A ação também exige a implementação de ações rápidas para conter e minimizar os danos, além do bloqueio de R$ 846,6 milhões. Esse valor visa cobrir os prejuízos materiais estimados em R$ 282,2 milhões e garantir a compensação parcial por danos morais coletivos.
Investigações técnicas indicam que o desastre ambiental foi causado por falhas no sistema de drenagem e na gestão da água, segundo comunicação do MP-MG. Além disso, as autoridades foram notificadas tardiamente pela Vale, dificultando a resposta rápida dos órgãos ambientais e da Defesa Civil.
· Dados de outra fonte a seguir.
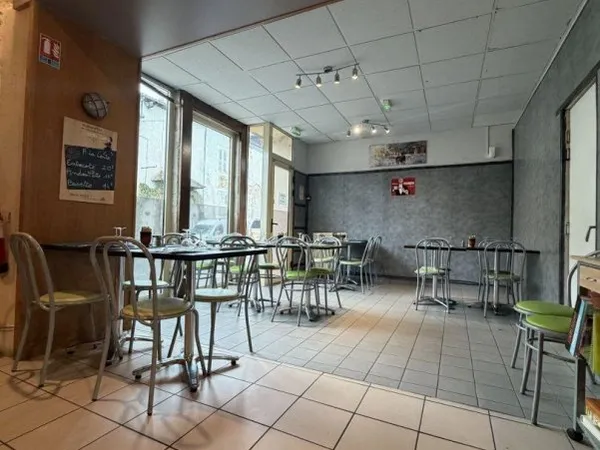 Commerce 150 m²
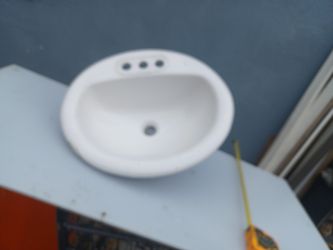 Porcelain Bathroom Sink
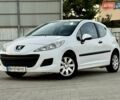 Білий Пежо 207, об'ємом двигуна 1.36 л та пробігом 200 тис. км за 4900 $, фото 16 на Automoto.ua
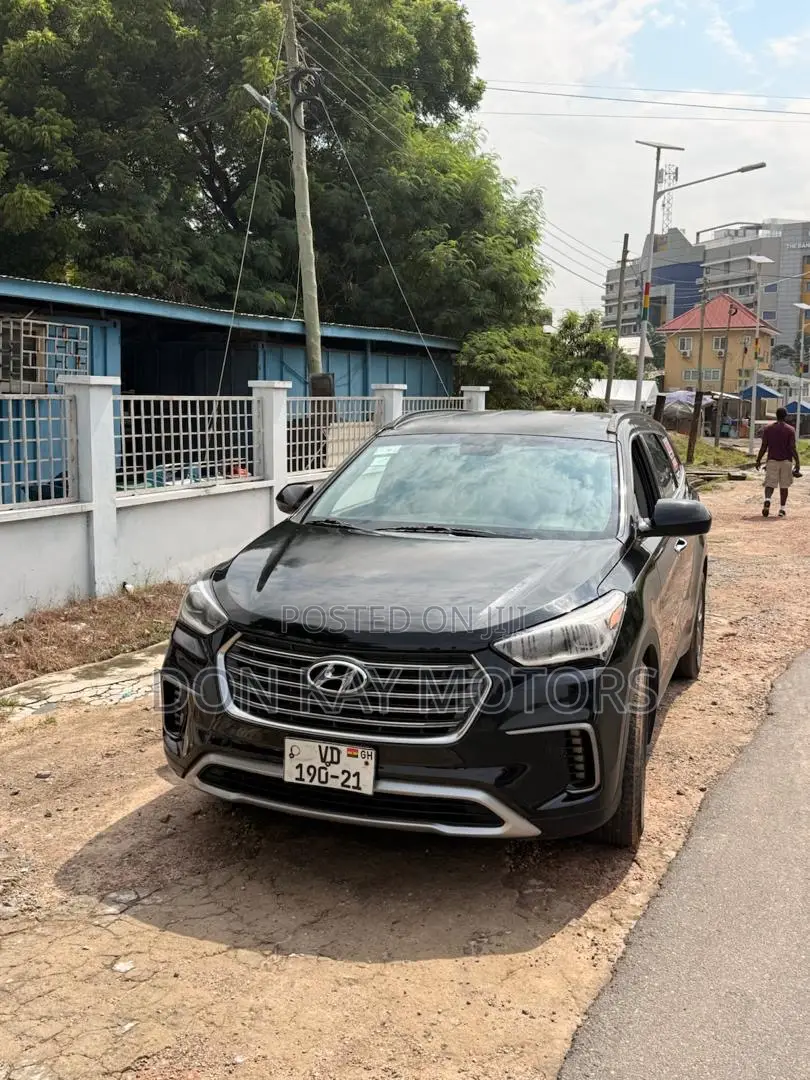 Hyundai Santa Fe SE AWD 2018 Black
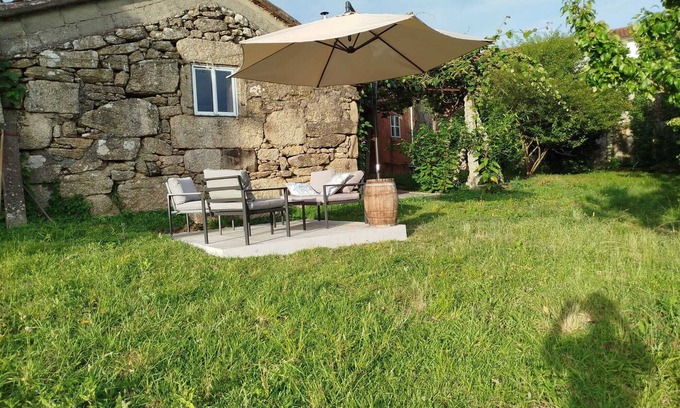 Tui House | Casa bandulu, charming and sustainable rural house next to the Miño River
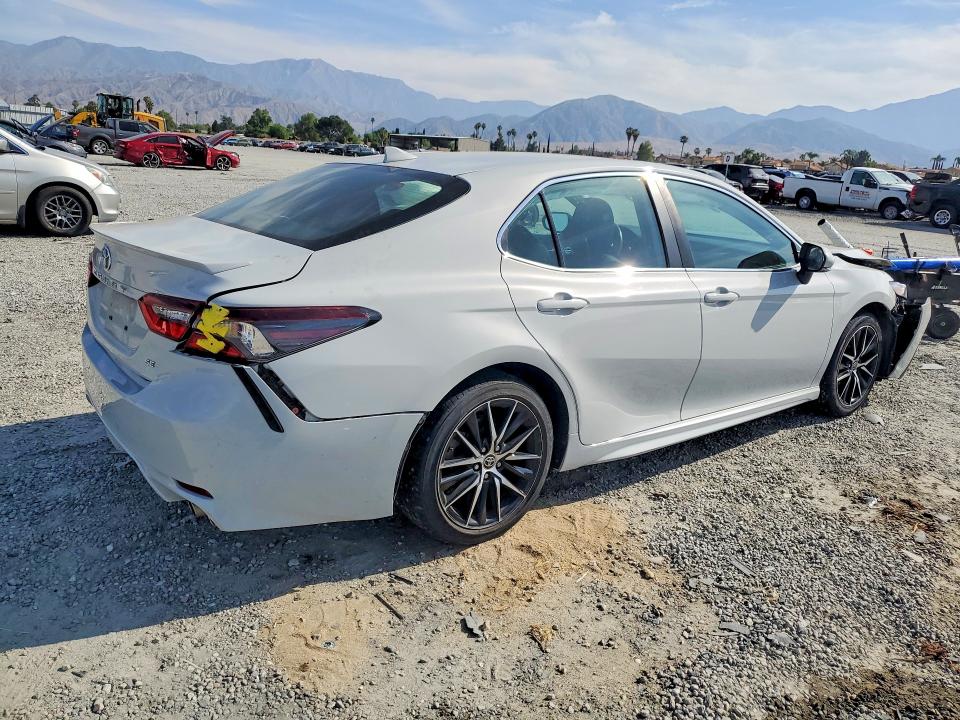 Продаж на аукціоні авто 2023 Toyota Camry, vin: 4T1G11AK2PU116056, номер лоту: 48718406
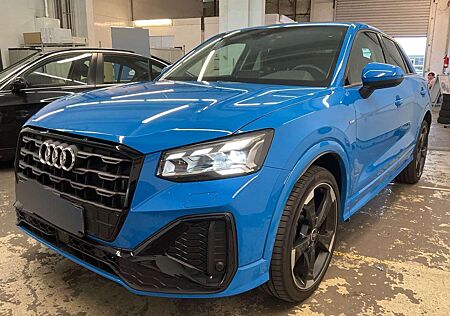 Audi Q2 35TDi S LINE BLACK 19Z./ACC/AHK/MATRIX/TURBO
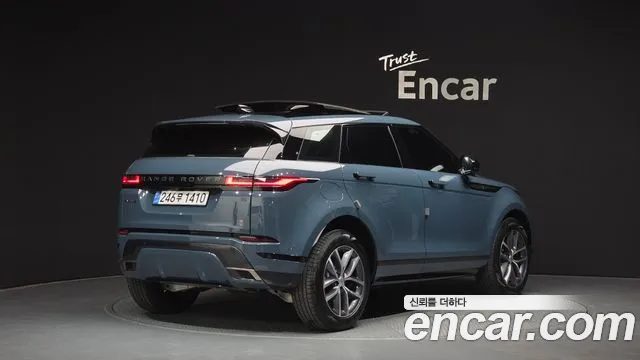 Land Rover Range Rover Evoque 2024 — фото 2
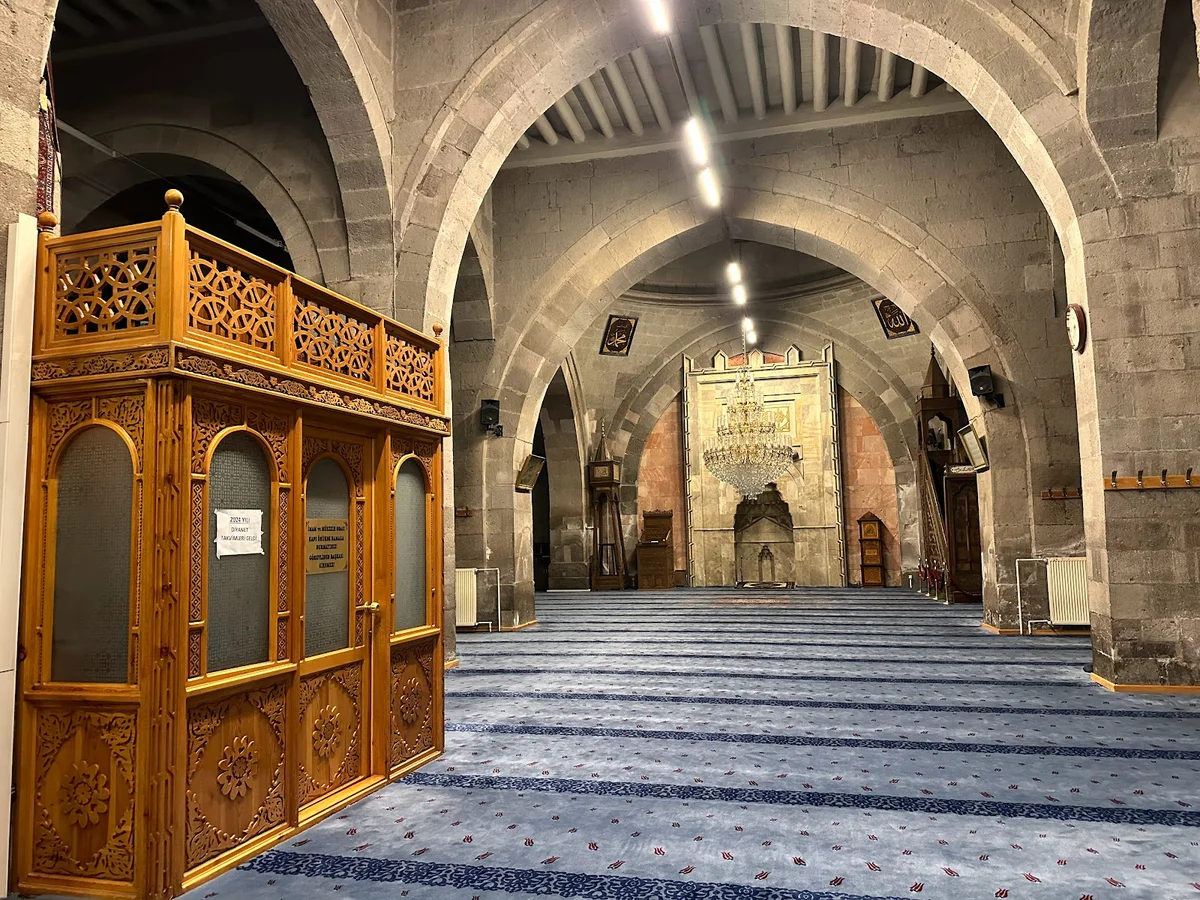 Cami Kebir (Ulu Cami)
A Vale comunicou que enfrenta três ações judiciais relacionadas aos vazamentos registrados em suas unidades de Fábrica e Viga, em Congonhas. Além do bloqueio de R$ 846 milhões requerido pelo MP-MG pelo acidente em Fábrica, há um pedido de R$ 200 milhões pelo Ministério Público Federal referente ao vazamento na unidade de Viga, e outra ação do Estado de Minas Gerais com requerimento de bloqueio patrimonial de R$ 1 bilhão para os incidentes na unidade de Viga.
Em seu comunicado, a Vale ressaltou que esses vazamentos não têm nenhuma relação com as barragens da empresa na região, as quais estão em condições seguras e sob monitoramento constante, 24 horas por dia, 7 dias por semana.
A companhia está cooperando com as autoridades e apresentará suas respostas dentro dos prazos legais. As causas dos incidentes continuam sendo investigadas de forma técnica e transparente.